> [Given information]:
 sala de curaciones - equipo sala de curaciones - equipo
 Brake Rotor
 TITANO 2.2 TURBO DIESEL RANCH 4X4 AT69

> [Problem]: Please set down all the data word for word.

> [Answer to this problem]:
 sala de curaciones - equipo sala de curaciones - equipo
 Brake Rotor
 TITANO 2.2 TURBO DIESEL RANCH 4X4 AT69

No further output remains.